Джей Марч по-прежнему слушал, ничего не говоря.
Позднее, когда сидели «у Джо», сержант Мейз отложил книгу и посмотрел на группу своих солдат, игравших в «пики козыри». «Надежный парень», — сказал он про одного. «Лентяй», — сказал про другого. «Кремень», — про третьего. Поглядел на Марча, своего любимца. «У Марча было тяжелое детство», — заметил он, не вдаваясь в подробности. «Злые. Очень злые, — сказал он про весь взвод, не исключая, конечно, себя. — Разве можно убить человека и оставаться в норме? Или увидеть, как убили, и оставаться в норме? Это не по-людски было бы».
Одиннадцать вечера. Санитар Бейли стал рассказывать, как Крейг умирал у него на руках.
— Всякий раз, как он выдыхал, по всей спинке сиденья в машине кровь текла, — сказал он.
Полночь. Марч получил от зловредной компании свое «розовое пузо». Это был во взводе первый день рождения с тех пор, как месяц назад то же самое проделали с Джеймсом Харрелсоном, которому исполнилось девятнадцать.
Час ночи и позже. Прозвучала сирена. Над головами просвистела ракета. Уилер сдал карты. Марч стал смотреть, что ему досталось. По телевизору опять пошел тот же видеоклип. «Что ты видишь?» — спросила девушка молодого человека. «А ты что видишь?» — спросил он ее.
Наутро, уснув на рассвете и проснувшись через два часа, Марч с мутными глазами сидел около казармы, и тут со стороны дома молитвы послышались огнестрельные залпы. Треск… тишина… треск… тишина… треск.
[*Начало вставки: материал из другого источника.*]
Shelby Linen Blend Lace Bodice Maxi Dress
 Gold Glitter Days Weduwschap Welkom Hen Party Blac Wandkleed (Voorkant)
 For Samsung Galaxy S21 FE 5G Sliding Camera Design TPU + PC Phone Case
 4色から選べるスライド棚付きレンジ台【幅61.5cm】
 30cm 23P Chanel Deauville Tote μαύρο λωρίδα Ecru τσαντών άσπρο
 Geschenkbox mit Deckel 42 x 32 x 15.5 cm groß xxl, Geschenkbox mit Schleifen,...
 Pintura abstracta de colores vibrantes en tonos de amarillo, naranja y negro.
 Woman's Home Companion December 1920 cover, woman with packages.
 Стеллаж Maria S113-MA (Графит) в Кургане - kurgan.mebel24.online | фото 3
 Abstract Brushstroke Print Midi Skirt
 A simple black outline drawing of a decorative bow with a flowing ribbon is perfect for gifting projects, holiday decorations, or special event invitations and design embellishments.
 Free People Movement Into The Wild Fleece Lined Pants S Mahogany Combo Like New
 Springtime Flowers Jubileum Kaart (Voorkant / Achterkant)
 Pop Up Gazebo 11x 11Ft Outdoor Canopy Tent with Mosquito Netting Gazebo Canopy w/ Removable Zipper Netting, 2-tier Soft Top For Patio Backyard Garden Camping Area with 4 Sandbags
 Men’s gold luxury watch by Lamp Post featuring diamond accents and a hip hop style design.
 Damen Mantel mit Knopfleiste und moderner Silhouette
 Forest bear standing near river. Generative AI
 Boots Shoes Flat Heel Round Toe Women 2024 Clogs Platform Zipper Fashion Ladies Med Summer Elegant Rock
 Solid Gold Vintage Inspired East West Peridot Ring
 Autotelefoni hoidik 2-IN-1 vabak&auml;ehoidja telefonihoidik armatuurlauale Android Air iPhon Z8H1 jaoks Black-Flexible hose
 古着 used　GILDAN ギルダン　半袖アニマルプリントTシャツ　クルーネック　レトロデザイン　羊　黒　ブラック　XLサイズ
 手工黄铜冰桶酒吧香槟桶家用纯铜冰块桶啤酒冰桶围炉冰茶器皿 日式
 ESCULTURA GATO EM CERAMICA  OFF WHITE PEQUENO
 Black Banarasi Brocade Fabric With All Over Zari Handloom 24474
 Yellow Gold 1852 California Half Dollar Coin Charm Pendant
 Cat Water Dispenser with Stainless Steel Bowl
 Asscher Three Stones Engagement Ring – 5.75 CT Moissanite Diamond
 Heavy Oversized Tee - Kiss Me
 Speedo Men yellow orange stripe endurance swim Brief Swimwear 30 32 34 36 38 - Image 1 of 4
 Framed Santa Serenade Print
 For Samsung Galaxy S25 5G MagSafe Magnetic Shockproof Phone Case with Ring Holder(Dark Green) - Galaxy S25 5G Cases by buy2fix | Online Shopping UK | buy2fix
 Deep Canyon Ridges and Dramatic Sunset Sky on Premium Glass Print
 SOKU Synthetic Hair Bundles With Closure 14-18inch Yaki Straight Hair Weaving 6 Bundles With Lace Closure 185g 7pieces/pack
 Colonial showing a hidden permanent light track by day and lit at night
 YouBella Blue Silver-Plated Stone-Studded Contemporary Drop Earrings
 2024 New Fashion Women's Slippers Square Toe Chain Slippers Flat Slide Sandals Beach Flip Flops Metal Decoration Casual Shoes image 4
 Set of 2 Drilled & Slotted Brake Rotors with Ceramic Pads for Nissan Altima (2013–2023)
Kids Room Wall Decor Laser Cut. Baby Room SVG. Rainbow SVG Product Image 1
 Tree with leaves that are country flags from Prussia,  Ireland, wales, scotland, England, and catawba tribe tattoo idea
К тому времени всем на ПОБ уже была знакома суровая размеренность этих звуков, означавших, что стрелковое отделение готовится к поминальному салюту, и Марч, когда первый залп отдался эхом от окружающих строений и взрывозащитных стен, почти не прореагировал. Может быть, из-за усталости, может быть, из-за погруженности в свои думы. Он первым тогда приблизился к Харрелсону и понял, что ничего нельзя сделать, и теперь, шесть дней спустя, глаза у него были такого же цвета, как многострадальный живот. Он закурил сигарету.
— В Алабаме сигареты можно покупать с девятнадцати лет, — повторил он сказанное однажды Харрелсоном, который был из алабамской глубинки.
День обещал быть из самых жарких за все время. Градусник, хотя было еще утро, показывал под сорок по Цельсию, но Марч сидел снаружи, а не в помещении, где работал кондиционер, потому что хотел поговорить про то, что случилось, когда они с Уилером зашли в тот первый дом, но поговорить там, где Уилер и другие не смогут услышать. Насчет виновности застреленного иракца сомнений никто не испытывал. Был провод. Провод привел к этому человеку. Человек повернулся к ним с автоматом в руках. Тем не менее Марч в день, когда ему исполнился двадцать один год, вздохнул, сидя под деревом, с которого свисал полный дохлых мух мешок со сладковато пахнущим ядом.